Pocket, $7.99, ISBN 1-4165-0546-6
Historical Romance, 2006 (Reissue)
It seems like a rule, doesn’t it, that the more successful an author is, the more her books seem to be increasingly written by her fourteen-year old ghostwriter niece who has visited her during the school holidays? That will explain the tidal wave of illogicalities and implausibilities that plague Marriage Most Scandalous.
The hero Sebastian Townsend ends up sleeping with the wife of his buddy Giles, which results in a duel that sees Sebastian, er, accidentally (really) putting a bullet right through Giles’s heart. Sebastian, guilt-stricken over killing Giles, is soon disowned by his father. So what does our hero do? Become a mercenary under the name Henry Raven so that he can continue going around doing things that will make him feel even more miserable? I suppose it is too much to expect him to realize that his inability to keep his pants on and his Pavlovian tendency to boink any woman in sight are the cause of his situation, much less hope that he will join a monastery and start composing chorale pieces.

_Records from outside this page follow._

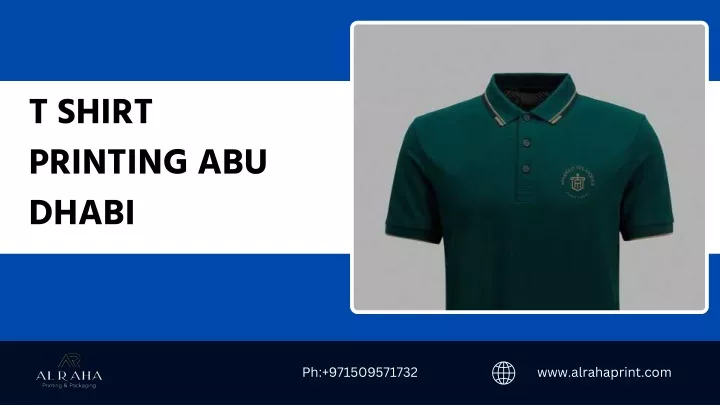 t shirt printing abu dhabi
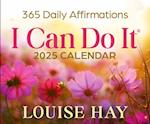 I Can Do It® 2025 Calendar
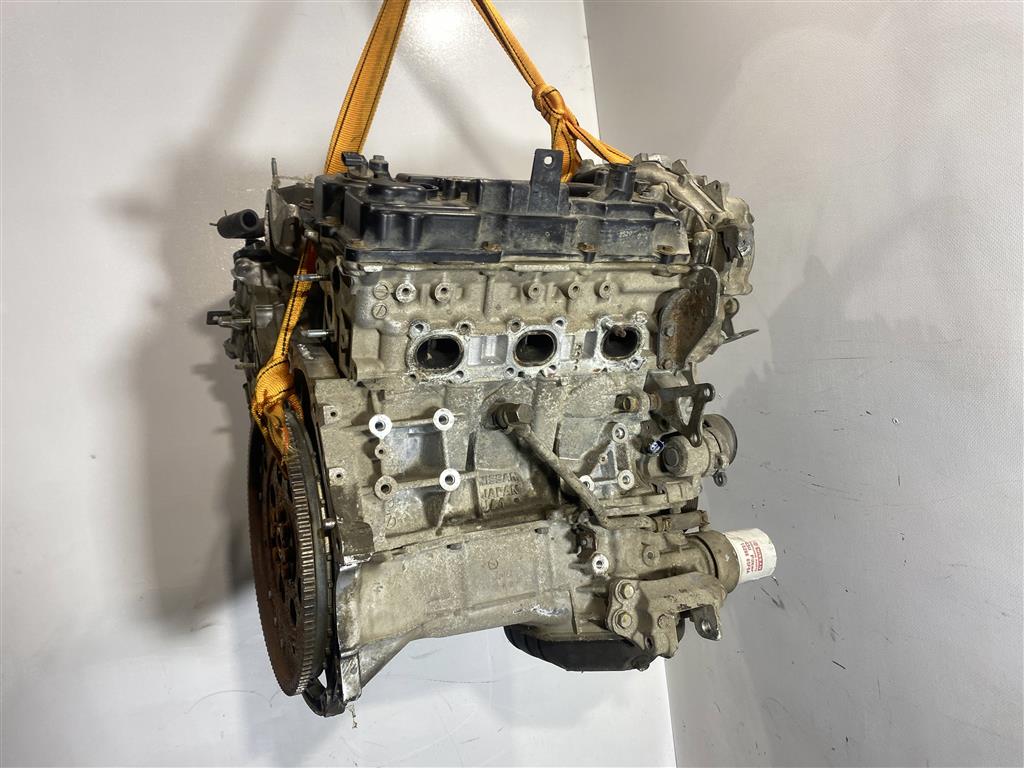 Used Nissan Murano Estate (2008 - 2011) Review Parkers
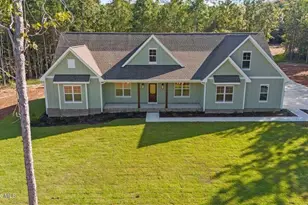 1435 Pineywood Church Rd, Cameron, NC 28326 - Photo 5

Cut to eleven years later. Sebastian’s own father is soon being plagued by mysterious “accidents”, causing the neighbor’s daughter, Margaret Landor, who is on what seems like a perpetual shopping trip in Europe, to seek out the Raven to get this Raven to help her locate the estranged son of the Earl. Margaret suspects that Sebastian’s younger brother Denton and Denton’s wife may be behind these “accidents” since those two would love to get their hands on the family fortune. She soon learns that the Raven and the estranged son are one and the same and agrees to Sebastian’s outrageous fee of a hundred thousand pounds to get him to look into the case. Sebastian just wants to scare that silly woman off with his outrageous demands, but he is attracted to Margaret, which complicates matter. How convenient for him that they both decide that the best way to infiltrate the Townsend household is for the two of them to pose as a married couple.

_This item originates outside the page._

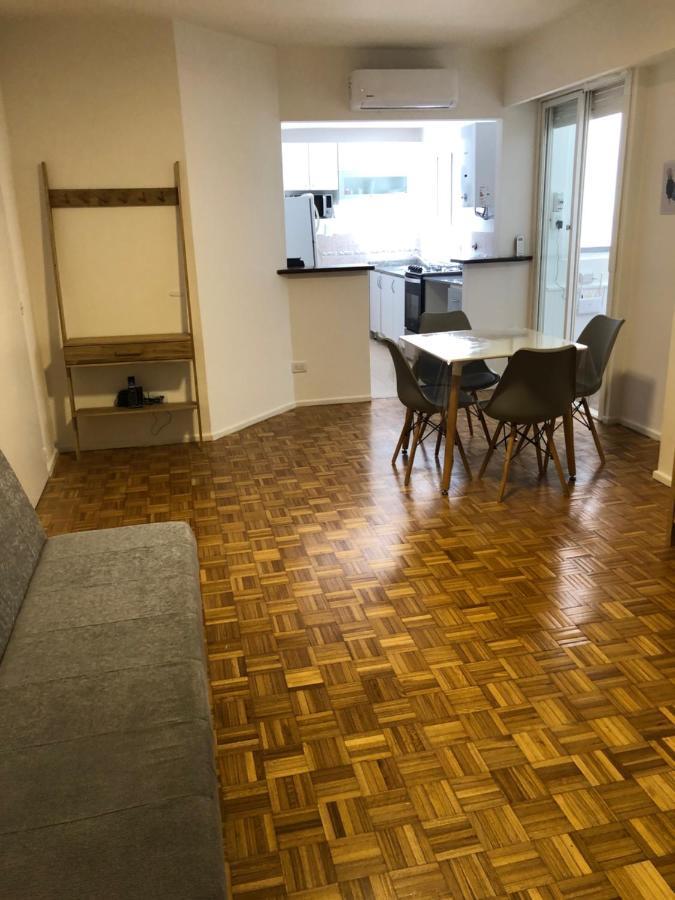Apartment Recoletadpto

Nothing makes sense in this story. Why is Margaret so willing to compromise herself in a fake marriage and all just to help a mere neighbor? And really, do those two nitwits really need to pose as a married couple in the first place? I don’t want to go into spoilers, but the suspense external subplot has a “revelation” that will only muddle the story even more. Even the relationship between Sebastian and Margaret doesn’t make much sense. Apart from the fact that she has a little girl crush on Sebastian more than a decade ago, there is nothing to explain Margaret’s attraction to a boor like Sebastian, unless I’m to view Margaret as that stupid prepubescent girl who has never grown up. The attraction on Sebastian’s part seems entirely due to his Pavlovian tendency to wag the dog at any female in sight – his first love scene with Margaret is not at all romantic, as she says no and he just rams right in anyway because he knows she really means yes.
I’m not bothered by the historical inaccuracies here as much as some readers. I am however annoyed by how Margaret and Sebastian are behaving like bickering children when they are assuming that the other doesn’t love them. Oh, they must never show the other person their true feelings even as they try to drive the other person away for their own good! This is exactly the contrived plot development that I never liked and never will, because it’s clear that the author is just doing things in her story to set up conflict without caring about continuity and plausibility. Furthermore, nothing about Margaret and Sebastian make much sense when it comes to their motivations, actions, and thought patterns, so really, do we need to have them behave as irritating as possible in the same time?
I suppose I have to mention something nice about this book. Well, the author has a nice fluid way to telling a story – as usual – so in a way, reading this book is like listening to a rambling but beloved grandmother telling a bedtime story. It’s clear that grandma is making things up as she goes along, however, so it’s up to the reader whether she wants to be amused or not with the story.